Geneviève Zubrzycki (born c. 1970) is Professor of Sociology (2003–present) and Director of the Weiser Center for Europe and Eurasia, the Copernicus Center for Polish Studies, and the Center for European Studies at the University of Michigan. She is also affiliated with the Frankel Center for Judaic Studies at the University of Michigan.

Born and raised in Quebec City, Canada, she holds degrees from McGill University (B.A., 1992), the Université de Montréal (M.Sc., sociology, 1995), and the University of Chicago (Ph.D., sociology, 2002).[1] She received a Guggenheim Fellowship in 2021.[2]

Books

Zubrzycki is a comparative-historical and cultural sociologist who studies national identity and religion, collective memory and national mythology, and visual culture and materiality.

Her book The Crosses of Auschwitz: Nationalism and Religion in Post-Communist Poland (University of Chicago Press, 2006, ISBN 0-226-99304-3, 277pp.) analyzes the relationship between national identity and Catholicism in Poland after the fall of Communism via an examination of memory wars between Poles and Jews, and the international conflict over the presence of Christian symbols at Auschwitz-Birkenau. It was translated into Polish as Krzyże w Auschwitz. Tożsamość narodowa, nacjonalizm i religia w postkomunistycznej Polsce (Nomos, 2014, ISBN 9788376881713, 295 pp.) and earned her several awards: The "AAASS and Orbis Books Outstanding Book Award in Polish Studies" from the American Association for the Advancement of Slavic Studies (2007), the "Distinguished Book Award" from the American Sociological Association’s Sociology of Religion Section(2007); and the "Biennial Kulczycki Book Prize" from the Polish Studies Association (2008).[3]

Beheading the Saint: Nationalism, Religion and Secularism in Quebec (University of Chicago Press 2016, ISBN 9780226391717, 224 pp.) analyzed the discursive, ritual and visual genesis of a Catholic French-Canadian ethnic identity in the 19th century, and its transformation into a secular Québécois national identity in the second half of the 20th century.

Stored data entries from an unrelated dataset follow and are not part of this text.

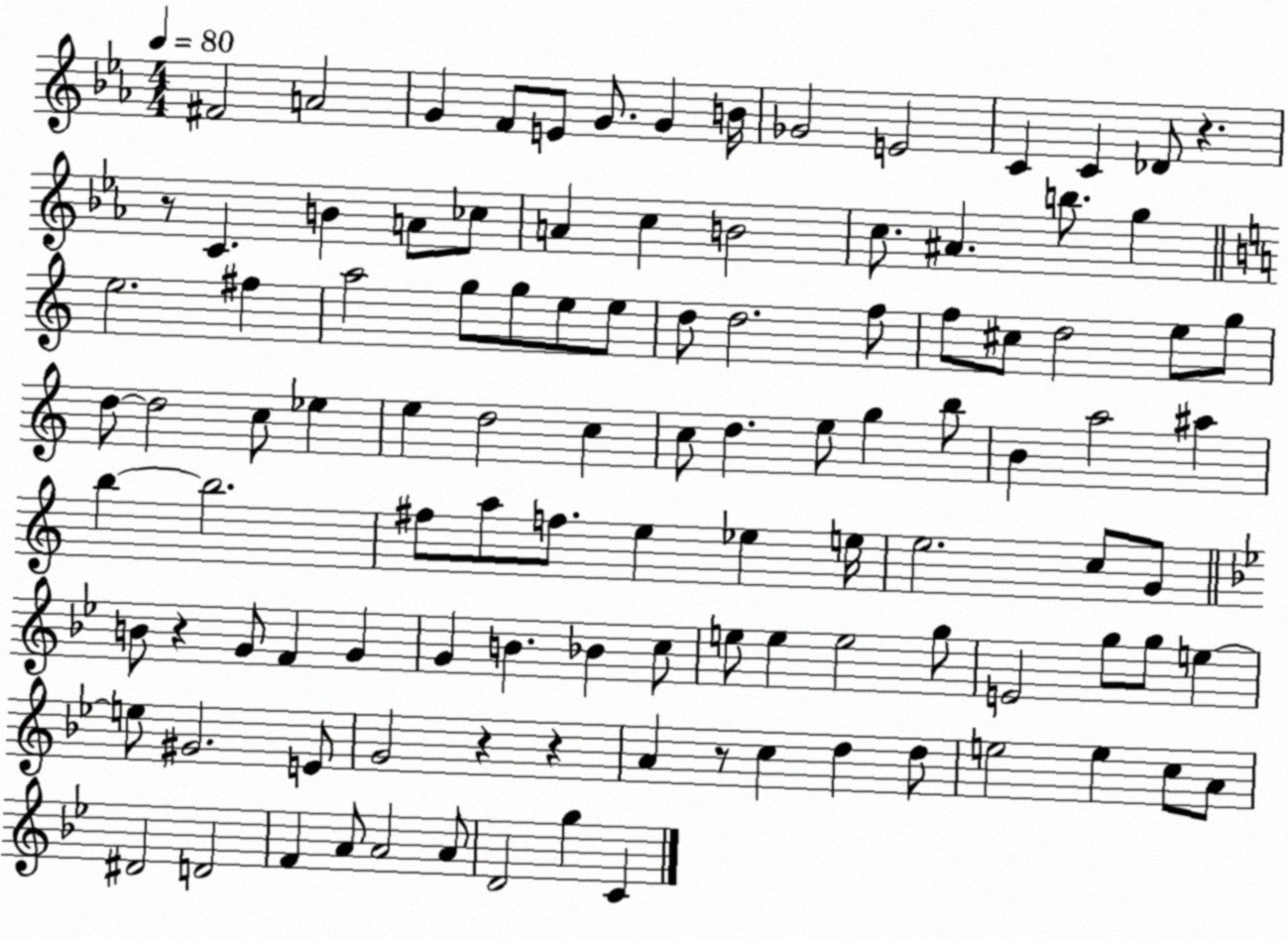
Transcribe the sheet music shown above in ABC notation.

X:1
T:Untitled
M:4/4
L:1/4
K:Eb
^F2 A2 G F/2 E/2 G/2 G B/4 _G2 E2 C C _D/2 z z/2 C B A/2 _c/2 A c B2 c/2 ^A b/2 g e2 ^f a2 g/2 g/2 e/2 e/2 d/2 d2 f/2 f/2 ^c/2 d2 e/2 g/2 d/2 d2 c/2 _e e d2 c c/2 d e/2 g b/2 B a2 ^a b b2 ^f/2 a/2 f/2 e _e e/4 e2 c/2 G/2 B/2 z G/2 F G G B _B c/2 e/2 e e2 g/2 E2 g/2 g/2 e e/2 ^G2 E/2 G2 z z A z/2 c d d/2 e2 e c/2 A/2 ^D2 D2 F A/2 A2 A/2 D2 g C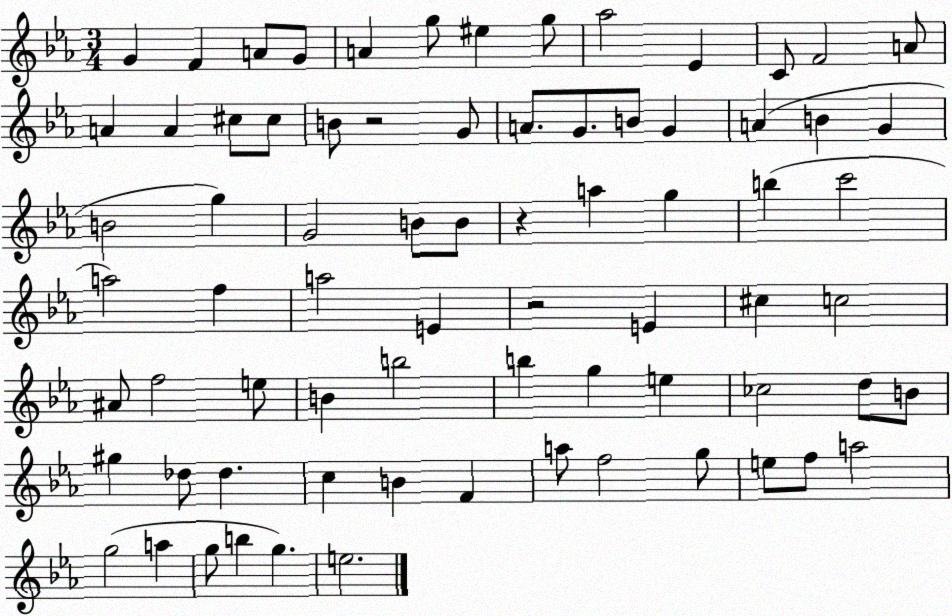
X:1
T:Untitled
M:3/4
L:1/4
K:Eb
G F A/2 G/2 A g/2 ^e g/2 _a2 _E C/2 F2 A/2 A A ^c/2 ^c/2 B/2 z2 G/2 A/2 G/2 B/2 G A B G B2 g G2 B/2 B/2 z a g b c'2 a2 f a2 E z2 E ^c c2 ^A/2 f2 e/2 B b2 b g e _c2 d/2 B/2 ^g _d/2 _d c B F a/2 f2 g/2 e/2 f/2 a2 g2 a g/2 b g e2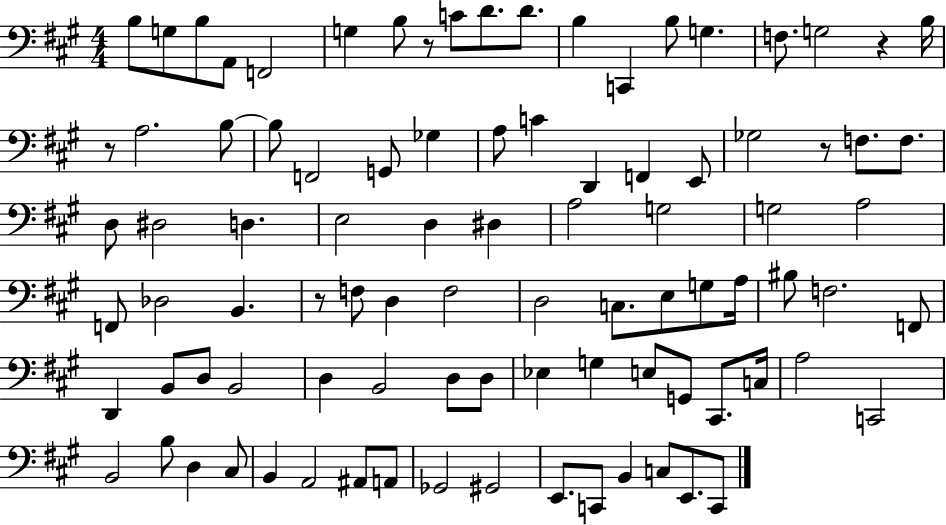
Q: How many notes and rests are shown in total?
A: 92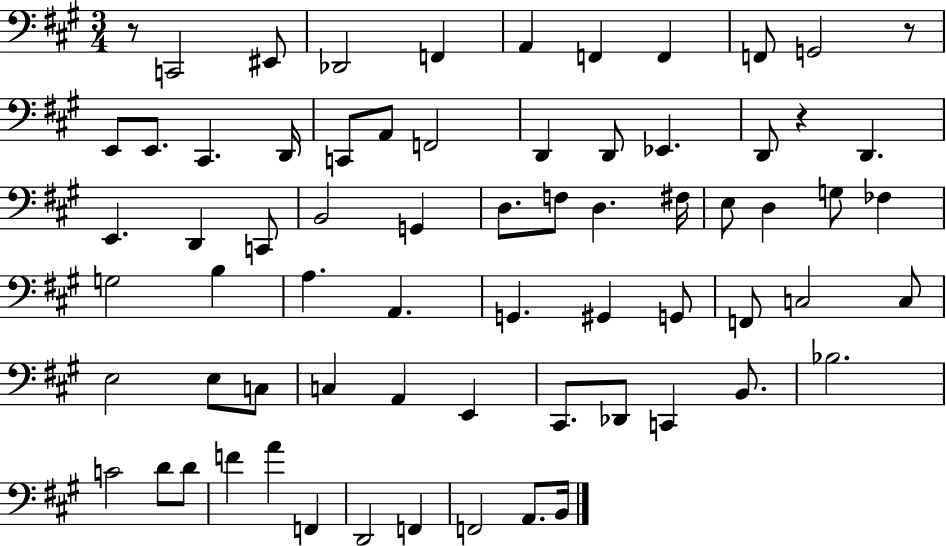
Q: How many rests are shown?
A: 3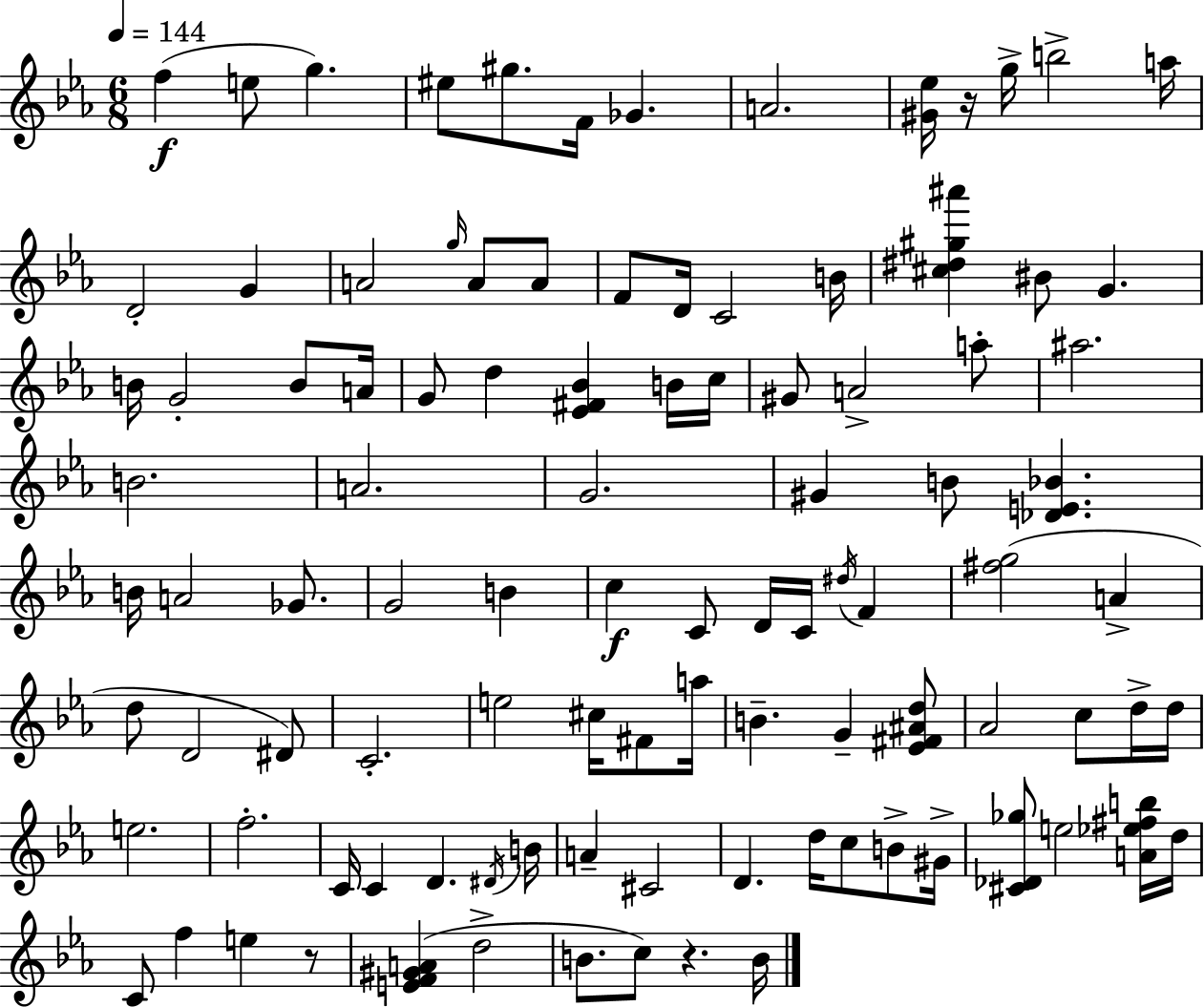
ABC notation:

X:1
T:Untitled
M:6/8
L:1/4
K:Eb
f e/2 g ^e/2 ^g/2 F/4 _G A2 [^G_e]/4 z/4 g/4 b2 a/4 D2 G A2 g/4 A/2 A/2 F/2 D/4 C2 B/4 [^c^d^g^a'] ^B/2 G B/4 G2 B/2 A/4 G/2 d [_E^F_B] B/4 c/4 ^G/2 A2 a/2 ^a2 B2 A2 G2 ^G B/2 [_DE_B] B/4 A2 _G/2 G2 B c C/2 D/4 C/4 ^d/4 F [^fg]2 A d/2 D2 ^D/2 C2 e2 ^c/4 ^F/2 a/4 B G [_E^F^Ad]/2 _A2 c/2 d/4 d/4 e2 f2 C/4 C D ^D/4 B/4 A ^C2 D d/4 c/2 B/2 ^G/4 [^C_D_g]/2 e2 [A_e^fb]/4 d/4 C/2 f e z/2 [EF^GA] d2 B/2 c/2 z B/4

The book also investigates investigating the role of Québécois nationalism in recent debates over immigration, the place of religious symbols in the public sphere, and the politics of cultural heritage—shedding light on similar debates elsewhere in the world. It received the Distinguished Contribution to Scholarship Book Award from the American Sociological Association's Political Sociology Section (2017), the Canadian Sociology and Anthropology Association’s John Porter Prize (2018), and the International Society for the Study of Religion (ISSR) Best Book Award (2019).[4] [5] In 2020, the book appeared in French (Jean-Baptiste décapité. Nationalisme, religion et sécularisme au Québec [Ed. Boréal 2020]) and in Polish (Spokojna rewolucja. Tożsamość narodowa, religia is sekularizm w Quebecu [wyd. Nomos])

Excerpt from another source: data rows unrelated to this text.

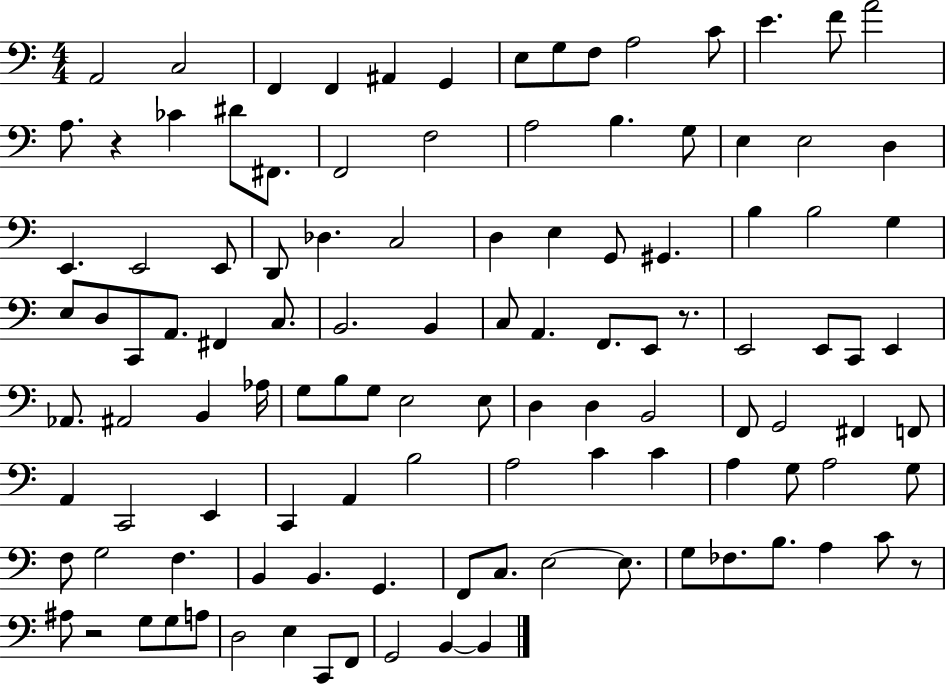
{
  \clef bass
  \numericTimeSignature
  \time 4/4
  \key c \major
  \repeat volta 2 { a,2 c2 | f,4 f,4 ais,4 g,4 | e8 g8 f8 a2 c'8 | e'4. f'8 a'2 | \break a8. r4 ces'4 dis'8 fis,8. | f,2 f2 | a2 b4. g8 | e4 e2 d4 | \break e,4. e,2 e,8 | d,8 des4. c2 | d4 e4 g,8 gis,4. | b4 b2 g4 | \break e8 d8 c,8 a,8. fis,4 c8. | b,2. b,4 | c8 a,4. f,8. e,8 r8. | e,2 e,8 c,8 e,4 | \break aes,8. ais,2 b,4 aes16 | g8 b8 g8 e2 e8 | d4 d4 b,2 | f,8 g,2 fis,4 f,8 | \break a,4 c,2 e,4 | c,4 a,4 b2 | a2 c'4 c'4 | a4 g8 a2 g8 | \break f8 g2 f4. | b,4 b,4. g,4. | f,8 c8. e2~~ e8. | g8 fes8. b8. a4 c'8 r8 | \break ais8 r2 g8 g8 a8 | d2 e4 c,8 f,8 | g,2 b,4~~ b,4 | } \bar "|."
}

(Editor and author) National Matters: Materiality, Culture and Nationalism (Stanford University Press, 2017, ISBN 9781503602533, 288 pp) is a collection of "theoretically grounded and empirically rich case studies" that "investigate the role of material culture and materiality in defining and solidifying national identity in everyday practice."[6]

Resurrecting the Jew: Nationalism, Philosemitism, and Poland's Jewish Revival (Princeton University Press 2022), analyzes the current revival of Jewish communities in Poland and non-Jewish Poles’ interest in all things Jewish. It draws on a decade of participant-observation in Jewish and Jewish-related organizations in Poland, a Birthright trip to Israel with young Polish Jews, and more than a hundred interviews with Jewish and non-Jewish Poles engaged in the Jewish revival. The book shows how the revival has been spurred by progressive Poles who want to break the association between Polishness and Catholicism and promote the idea of a multicultural Poland, raising urgent questions relevant far beyond Poland about the limits of performative solidarity and empathetic forms of cultural appropriation.[7]

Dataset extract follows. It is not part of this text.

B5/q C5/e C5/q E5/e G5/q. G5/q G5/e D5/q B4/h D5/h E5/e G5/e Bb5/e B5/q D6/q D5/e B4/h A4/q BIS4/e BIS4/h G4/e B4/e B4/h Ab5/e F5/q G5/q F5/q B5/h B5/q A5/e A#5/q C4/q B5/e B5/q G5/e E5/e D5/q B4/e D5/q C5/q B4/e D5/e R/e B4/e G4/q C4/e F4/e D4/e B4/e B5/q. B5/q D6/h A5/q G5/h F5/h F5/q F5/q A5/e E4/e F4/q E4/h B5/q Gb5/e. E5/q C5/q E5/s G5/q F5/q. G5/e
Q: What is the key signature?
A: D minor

In addition to her scholarship, Zubrzycki is co-editor of the Cambridge University Press journal Comparative Studies of Society and History, and serves on the editorial boards of the American Journal of Cultural Sociology, Rercherches sociographiques, Sociologie et Sociétés, The Polish Review and Kultura i Społeczeństwo. She was elected chair of the American Sociological Association’s Sociology of culture (2014-17), was a council member of the ASA’s Sociology of Religion section (2014-17) and served as the secretary-treasurer of the ASA’s Comparative-Historical Sociology section (2006-09). She serves on the advisory boards of The Reckoning Project: Ukraine Testifies, the Foundation for Jewish Studies in Wrocław (Poland), and the Centre de recherche interdisciplinaire sur la diversité et la démocratie at Université du Québec à Montréal.